The block after that repeats the same code for the second thread. It is mostly
the same, but uses a different address on my stack for its pthread variable and
also uses 2 as the thread number parameter.
After starting the two threads, the next two blocks wait for them to complete. I
use the pthread_join function for that.
Finally, _start just has to print out the counter's final value and exit itself.
Let's run the program:
Thread '2' finished Thread '1' finished Counter: 5106983
Is that the output you expected? Executing it again might even lead to a totally
different value!
Meet my old friend, race condition
When I described the INC instruction used by the threads, I told you that I
could have written it as three separate instructions. While I did not have to
write it that way, it still works that way: It first loads the counter, then
increments it, and then writes the incremented value back to the counter.
When multiple threads are used, they can overlap in many ways. You might have
wanted them to work in a way where the first thread does these three steps and
then the second thread does the three steps ... but it does not have to work
that way and most likely will not.
It is possible for both threads to read the same counter value.
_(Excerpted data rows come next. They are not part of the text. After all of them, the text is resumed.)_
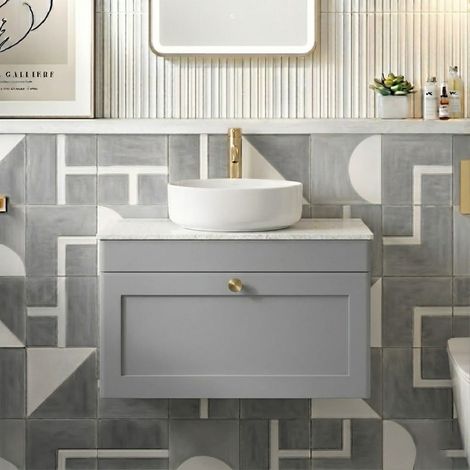 Nuie Classique Wall Hung 1-Drawer Vanity Unit with White Marble Worktop 800mm Wide - Satin Grey (1/4)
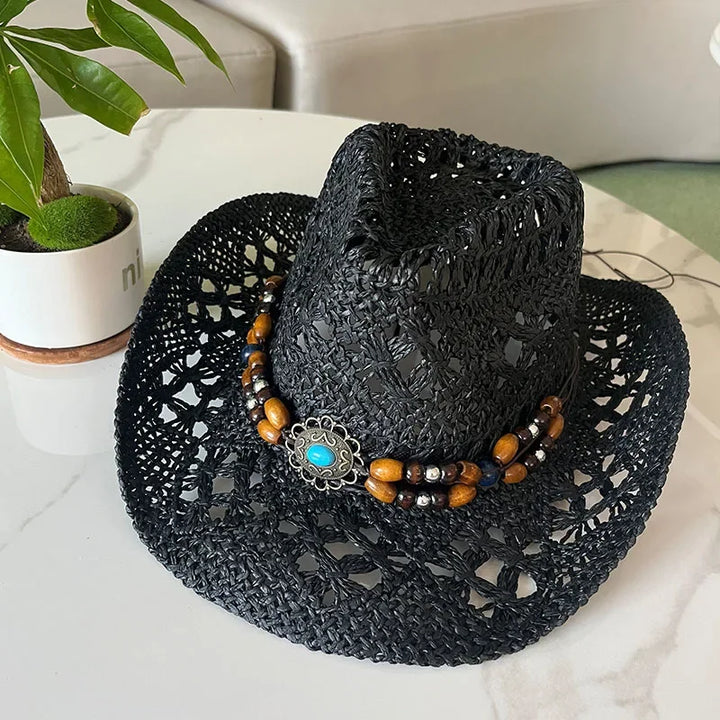 Bohemian Straw Cowboy Hat with Wooden Beads – Perfect for Sun Protection-MODAUTLET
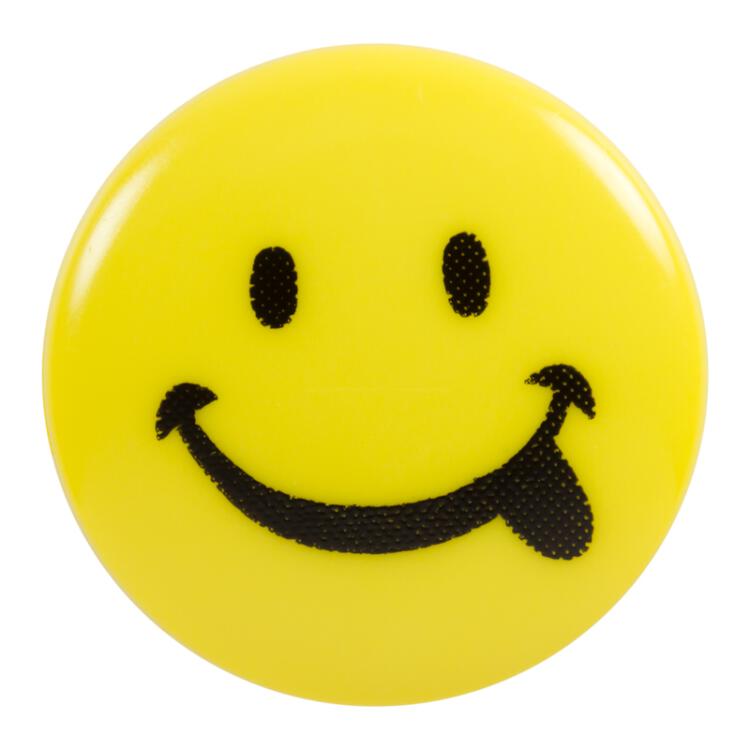 Kinderknopf - lustiger Smiley in Gelb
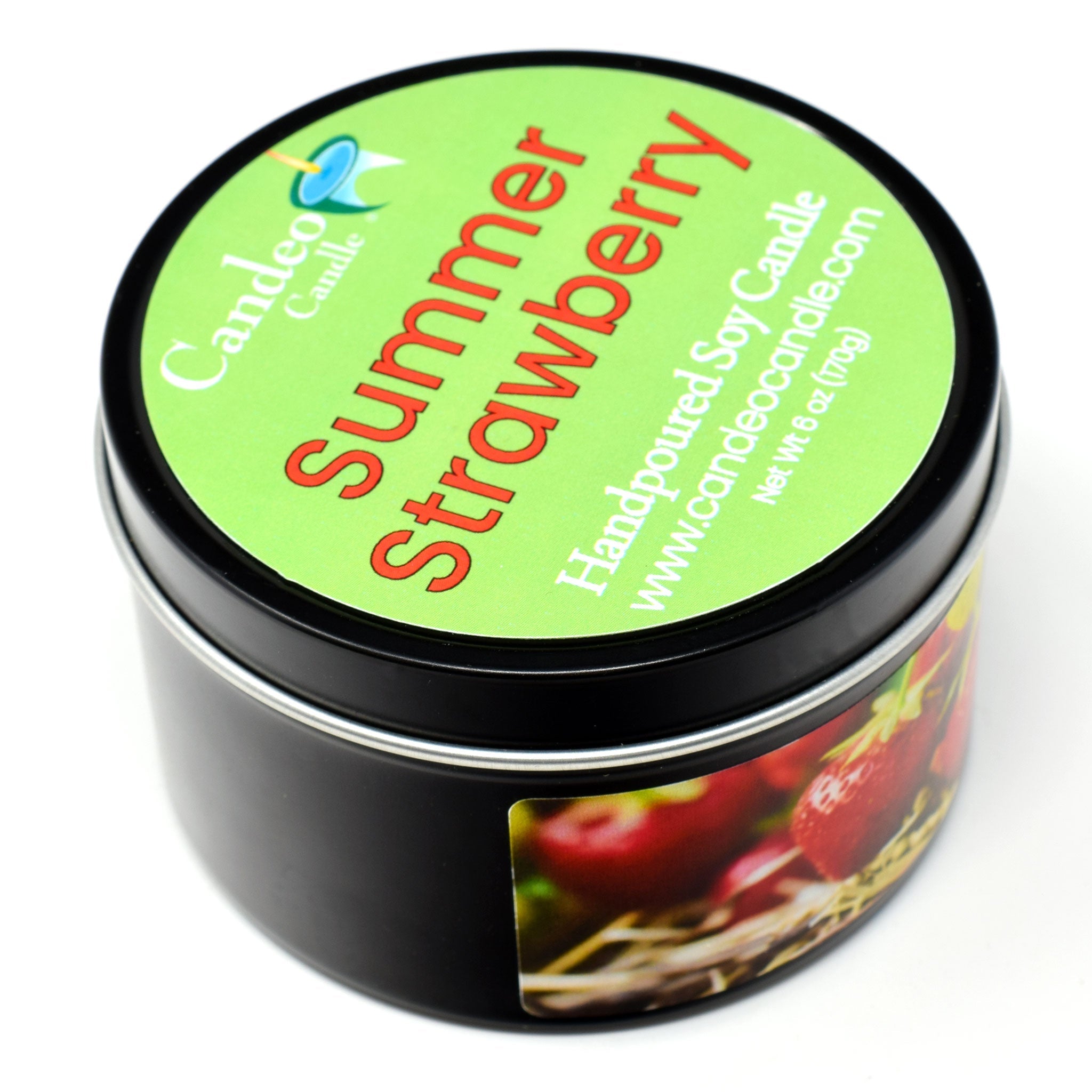 Summer Strawberry, 6oz Soy Candle Tin - Candeo Candle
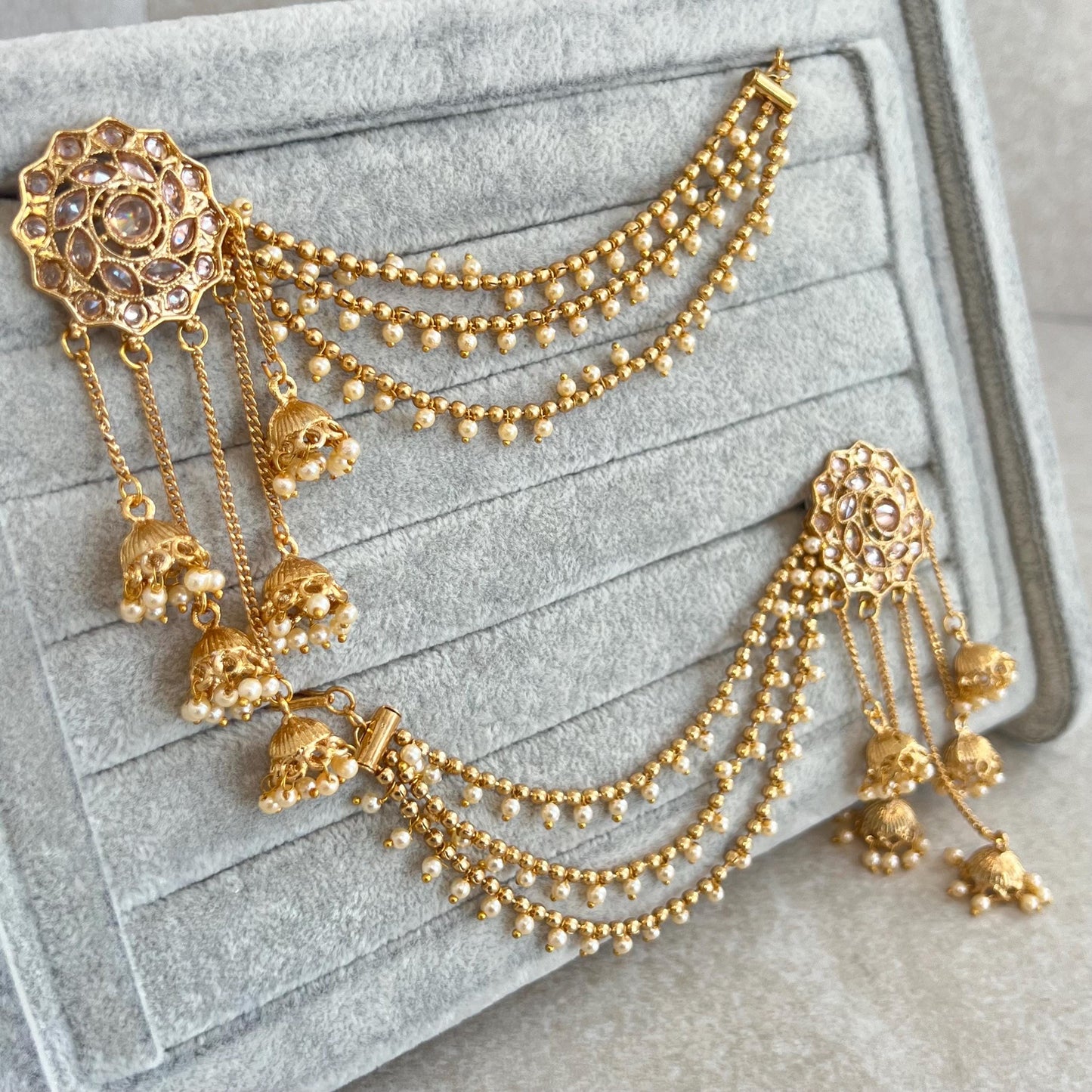 Golden Jhumka Earrings With Ear Chains/Saharay/ Indian Style Earring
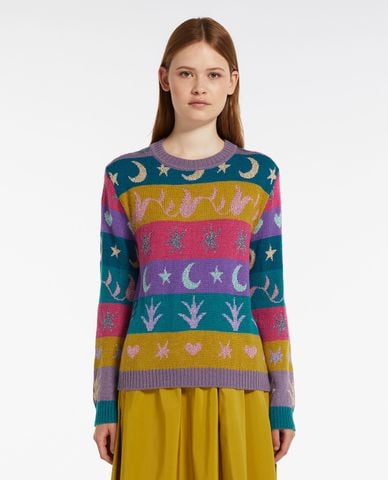  WEEKEND MAX MARA - Áo sweater cổ tròn tay dài phối hoạ tiết Certosa 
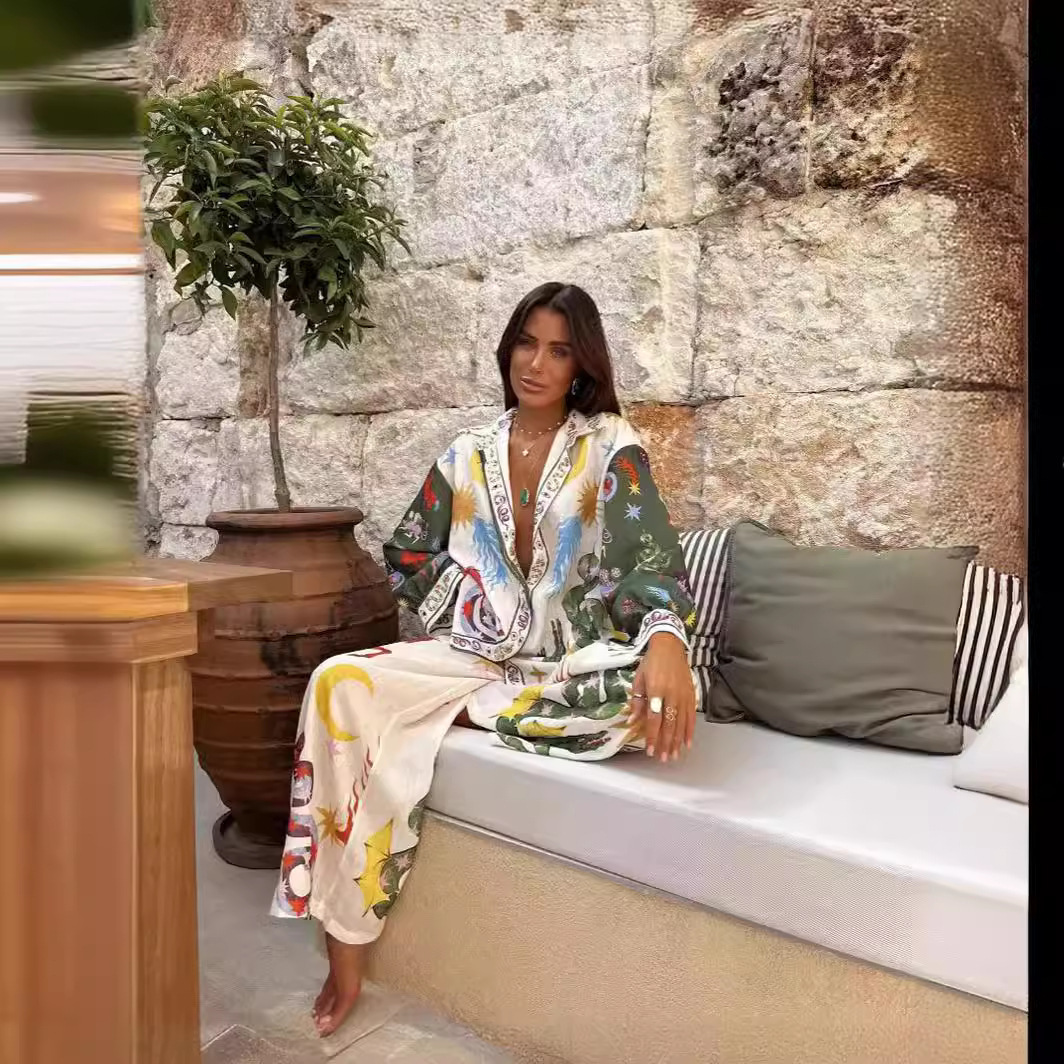 Nuovo set di camicia a maniche lunghe in lino con stampa personalizzata a tema macaron._voghion.com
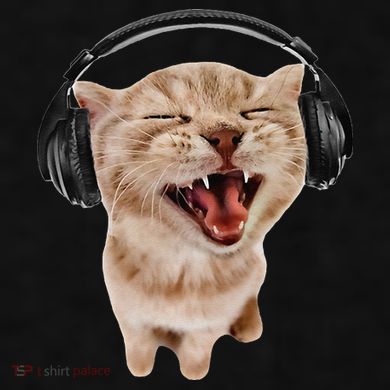 Silly Cat With Headphones Ladies PosiCharge Tri-Blend Wicking Tank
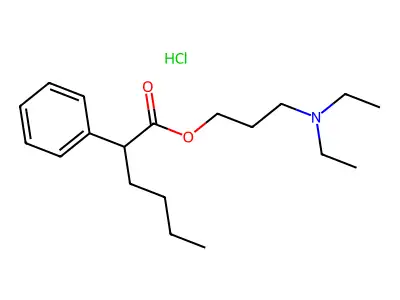 Diethyl-[3-(2-phenylhexanoyloxy)propyl]azanium chloride structure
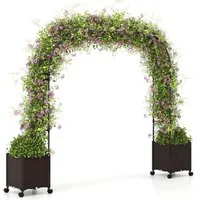 COSTWAY Blumenkasten, Rosenbogen mit 2 Pflanzkästen, auf Rollen, 202cm hoch
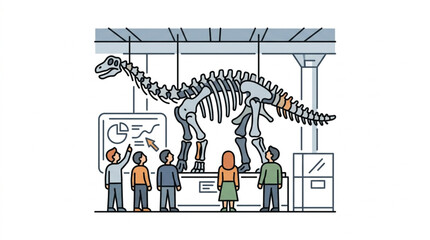 Museum visitors observing a large dinosaur skeleton display. © Riki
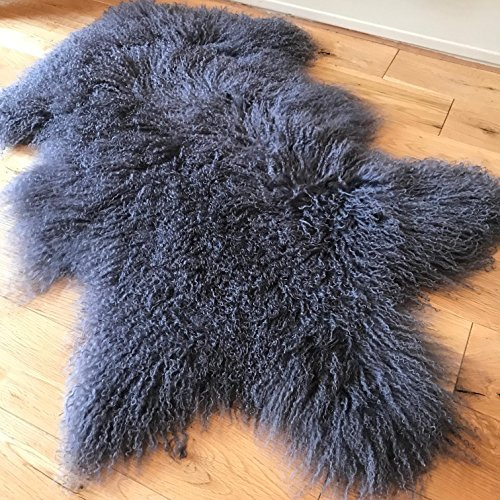 Co-sy Tibetan Mongolian Sheepskin Lambskin Hide Pelt Long Fur Rug Grey 60x90cm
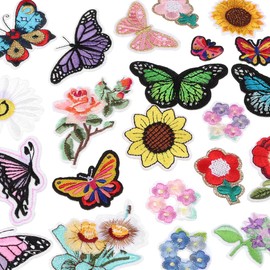 30 Pieces Iron On Embroidered Patches, Sunflower Rose Daisy Butterfly Flower Sew On Patches Applique for Clothing Accessories Dress Hat Jeans Backpacks DIY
They will both
increment it to the same new value and one increment will get lost. Even worse,
something like this is also possible:
counter = 0 thread 1 | thread 2 read counter = 0 | | read counter = 0 | increment to 1 | write counter = 1 | read counter = 1 | increment to 2 | write counter = 2 increment to 1 | write counter = 1|
If both threads work together like that, the counter might even go backwards at
times.
Note that if your system as multiple cores (and most systems today will have
that), both threads might even perform steps at the same time, which will only
make the problem worse.
A solution
Race conditions like that one can be solved in many ways. We could use any
locking primitive that we would also use from C, like a pthread_mutex_t. But
that would be a very blunt tool for our problem. Another solution would be to
use atomic variables, which compile to special instructions that access our
counter without creating race conditions. Let's try that!
Replace our loop with this:
.L.loop: cmp rax, 5000000 je .L.done inc rax mov rcx, 1 lock xadd [rip+.L.counter], rcx jmp .L.loop
The XADD instruction adds a register to our counter and stores the old value in
the register. You might know it as atomic_fetch_add from the C11 stdatomic.h.
But XADD alone would still have a race condition. Only with the LOCK prefix you
get the real atomic_fetch_add.
This change fixes our little bug, so that you get always the correct value when
you run the program.
Thread '2' finished Thread '1' finished Counter: 10000000
You will also notice that running this program now takes a lot more time than
the buggy version. Both threads do nearly nothing but contend for the lock. A
simple fix for that would reduce lock contention as far as possible: Both
threads could increment their own counter and only after the loop add that to
the shared counter. That would be much faster. But then again, you could also
remove the loop and just add the final sum. Or just replace the whole program
with a single puts containing the pre-calculated sum.
I wrote this code to learn about atomic variables in Assembler programs. That is
what I did. In real programs, you will have to decide how much optimization is
called for and which optimizations to use.